This brings up a good question. 
So do the Dragon DX have a bad field of vision? Are they fog prone? Do they scratch super easily?

I guess it's a given they won't have the same field of vision as something like the EG2's but... compare them to the A Frames for example?


----------



## element (Feb 7, 2011)

element said:


> This brings up a good question.
> So do the Dragon DX have a bad field of vision? Are they fog prone? Do they scratch super easily?
> 
> I guess it's a given they won't have the same field of vision as something like the EG2's but... compare them to the A Frames for example?


I wish there was a list of "goggle ratings" that showed scratch resistance, fog resistance, and field of vision - all in #'s....


----------



## Sudden_Death (Mar 23, 2011)

element said:


> This brings up a good question.
> So do the Dragon DX have a bad field of vision? Are they fog prone? Do they scratch super easily?
> 
> I guess it's a given they won't have the same field of vision as something like the EG2's but... compare them to the A Frames for example?
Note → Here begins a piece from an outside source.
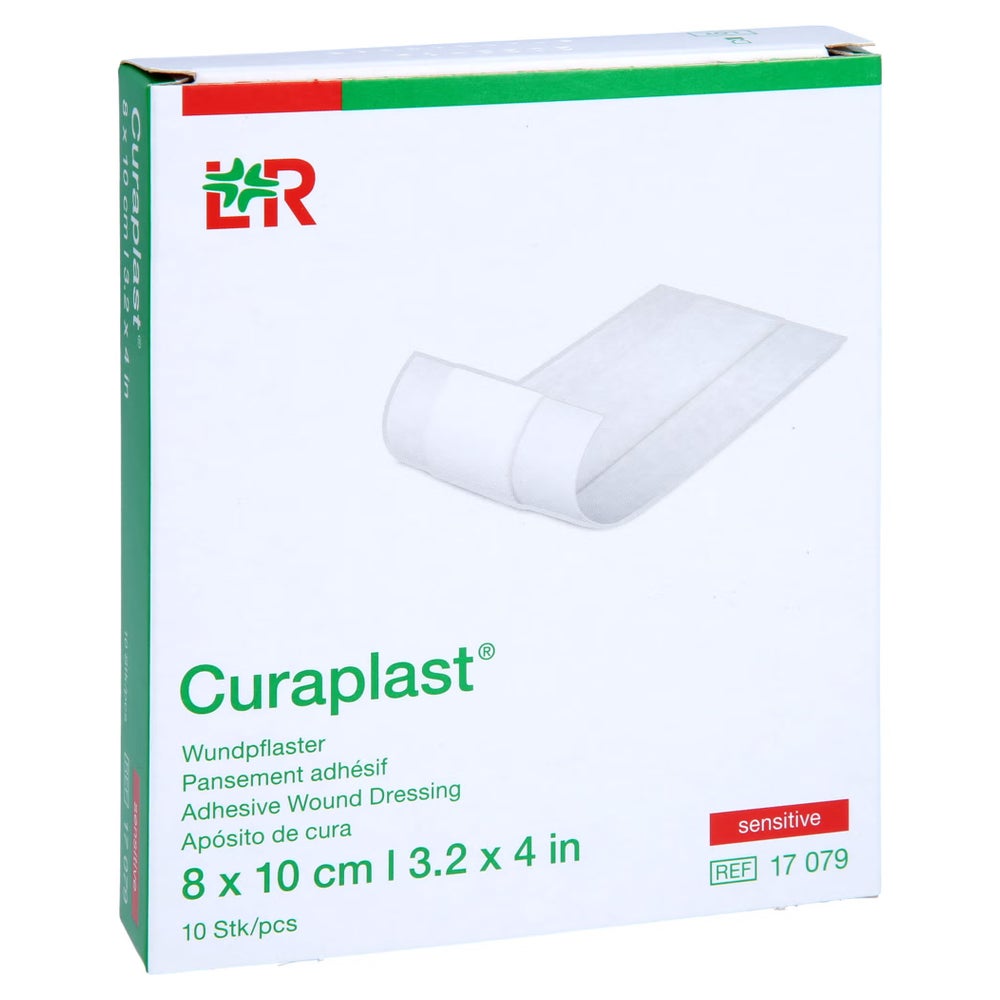 Curaplast Wundschnellverband sensitiv 8 x 10 cm 10 St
I went from the EG2 to the DX as the EG2 pinched off my nose. The field of view in the DX is fine and I just rode them in some awful rainy/humid then cold conditions and had no fogging issues. The Dragon anti-fog coating even at the low end is very good.Scrath wise I can't say as I haven't ridden with them enough.


----------



## herzogone (Oct 19, 2010)

FWIW, I picked up some Smith Monashee OTG before last season on clearance for $35 (I often wear glasses). They are dual-lens, but not spherical. I have over 40 days on them so far and no complaints. Despite the fact that I sweat a lot, the only times I've ever had fogging issues have been directly related to facemasks redirecting my breath into my goggles. Although I will admit I'm not the pickiest about optics; I don't think I even notice slight distortions at my periphery. No scratches that bother me yet, although I do try and take care of them somewhat, I usually tuck them inside my helmet for storage. My son has some inexpensive Scott's that were maybe $40-$50 that are also dual-lens/cylindrical, and again no complaints.


----------